Omnivore Records’ lush and expansive reissues are bringing Game Theory’s shimmering, melancholy pop to the widest audience it’s received to date. Dead Center, the second album they’ve repackaged and remastered, finds the 1983 iteration of Game Theory at an interesting point in their musical evolution. The production sounds more polished than on the home-recorded Dead Center, with a stronger low end and a greater sonic balance. Their arrangements show a greater sense of ambition, as well as the musical skill to back it up.

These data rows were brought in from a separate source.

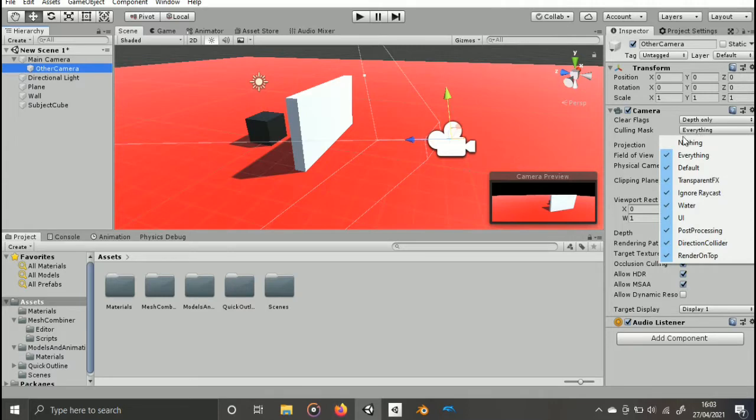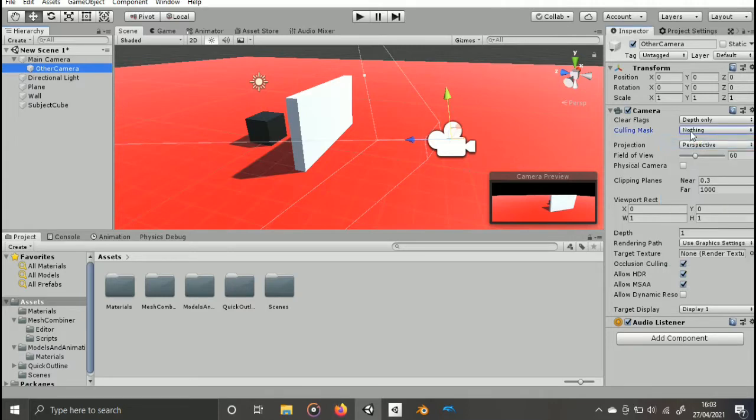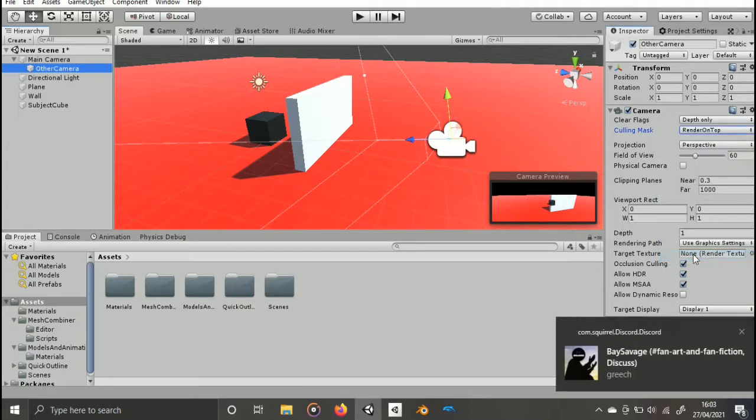And finally, set the culling mask to the layer. You can see right away that the black cube is rendered on top of the white wall.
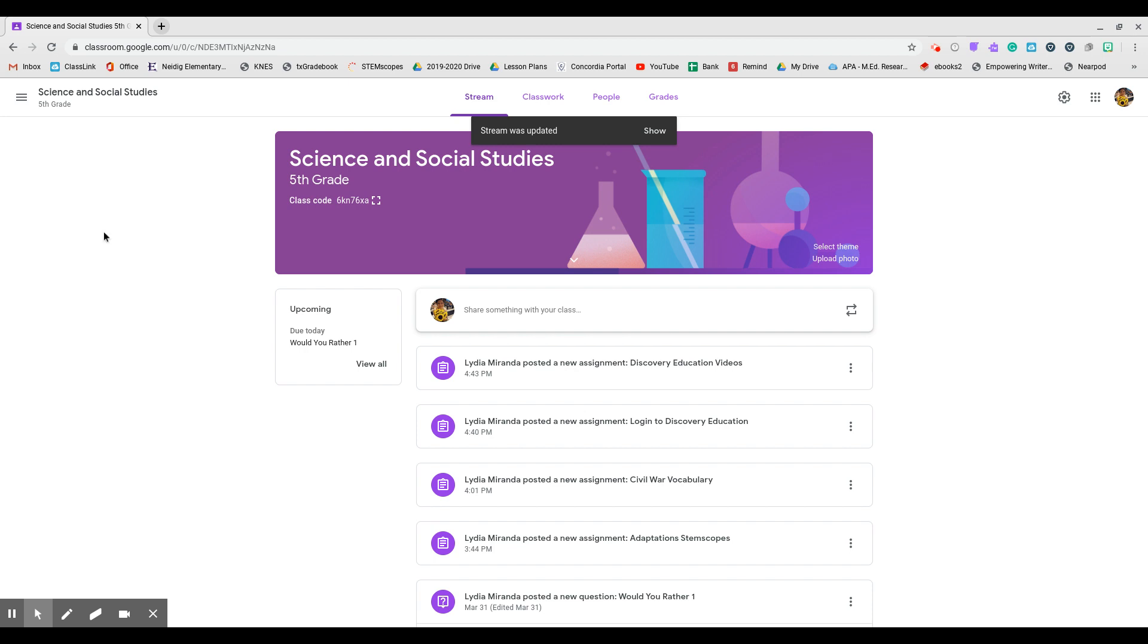Students, I'm just going to walk you through how to actually log into your Discovery Education account. This is brand new. We haven't used it in the classroom, so I want to make sure that you know what you're doing.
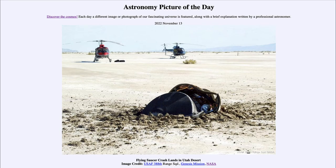Greetings and welcome to the introduction to astronomy. One of the things that I like to do in each of my introductory astronomy classes is to begin the class with the Astronomy Picture of the Day from the NASA website — that is apod.nasa.gov/apod — and today's picture for November 13th of 2022 is titled 'Flying Saucer Crash Lands in Utah Desert.'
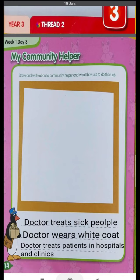Assalamu Alaikum everyone. In unit 4 we have done page number 14 from workbook 2. First of all you all have to mention the date. The topic of this page is 'My Community Helpers' — draw and write about a community helper and what they used to do in their job.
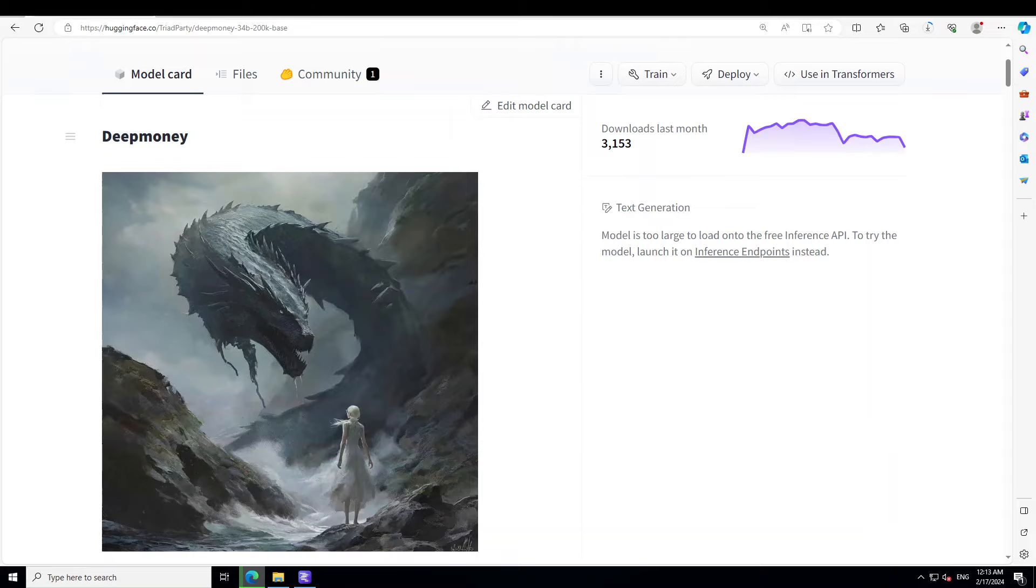Hello guys, in this video I am going to show you how you can locally install this large language model, Deep Money, on Windows. On my Windows system I have 32 GB of RAM and a GPU of 24 GB VRAM.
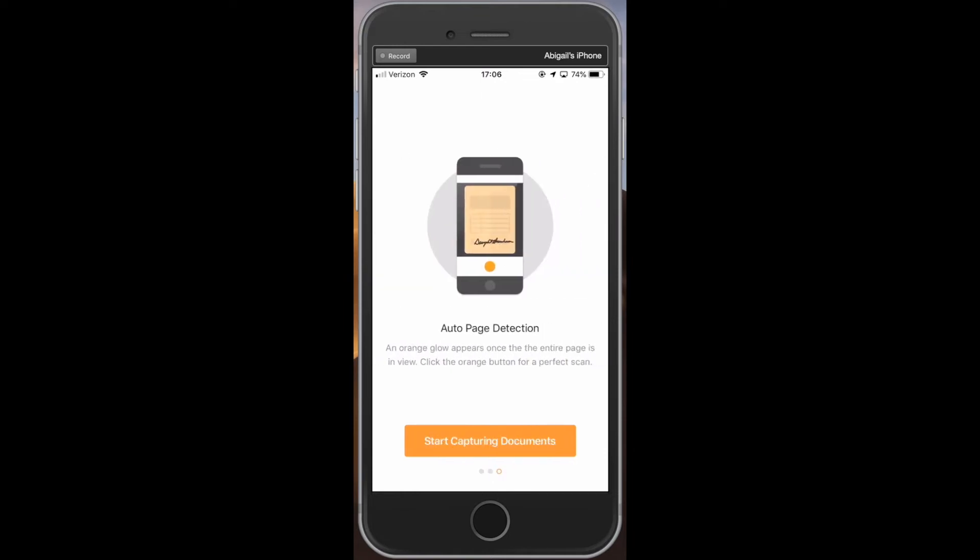And lastly, number three, when hovering your camera over the document, it's important to see an orange glow appear. That is how our technology is able to detect the document. Make sure all four corners are visible and the entire page is in view for a perfect scan.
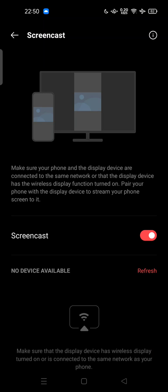...USB dongle that can cast your phone to your TV. If your TV is not supported, or your smart TV doesn't have a screencast feature, you can use a USB dongle as your mirror. So feel free to...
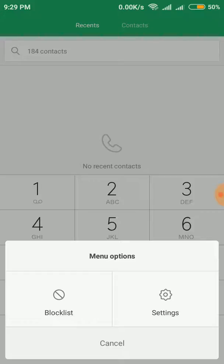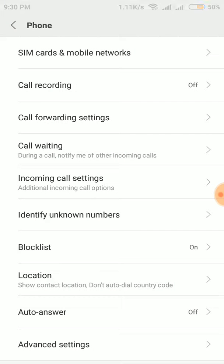After clicking on the three small lines, you can see there are two options: the block list and settings. Click on the settings one, the right one. After clicking on settings, there will be a lot of options.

New wave and power pop cognoscenti have long praised Miller’s songwriting skills, and Dead Center shows that this praise isn’t a fluke. His gift for writing chiming, catchy, major-key melodies and pairing them with heartbreaking, poignant lyrics was still in its developmental stages, but even these early efforts net some great rewards. The jangly “Nine Lives to Rigel Five” makes its theme of unrequited love tangible through lyrics that evoke the space race and 1970s suburbia; the ABAB rhyme scheme also encompasses some nifty assonance. (Check out all the satisfying “oh” sounds in the second verse.) The jangling melody and rudimentary flying saucer sound effects give the melancholy, nostalgic lyrics a pleasing candy coating and make the whole thing more bittersweet.

Because Miller was still honing his skills, Dead Center finds him experimenting musically and lyrically with some elements he’d later abandon. The syncopated beat that opens the title track, for example, sounds as though it could have appeared on a hip-hop album of the period. (Hearing a guitar solo draped over that beat makes one wonder why this song wasn’t included on a teen movie soundtrack at the time.) Miller was still developing his musical identity, and with his band flying under the critical and commercial radar, he had more freedom to experiment.

As with his other projects, Miller had the good sense to surround himself with nimble, adept musicians. His bandmates for this iteration of Game Theory had some great skill, and the instrumental opens and closes on the song showcase what a tight ensemble they were.

All this being said, listening to Dead Center over three decades after its initial release can make for a heartbreaking listen. “The Red Baron” is an indisputably great song, but hearing the throwaway lyric “tell me life is short” left a lump in my throat. (Miller died in 2012 at the age of 53.) Likewise, the urgent cover of the Box Tops’ “The Letter” kicked me right in the feels, in light of both Miller and Alex Chilton’s premature deaths.

As with its other reissues, Omnivore hit it out of the park with the beautiful digipak and comprehensive liner notes (including a very sweet remembrance from Michael Quercio, one of Miller’s key collaborators). Fans of Game Theory who already own Alias Records’ repackaging of these EPs would be wise to pick up this edition, but its completeness and the lovely music contained within would be ideal for new fans as well.

Dead Center was reissued by Omnivore Recordings on November 24.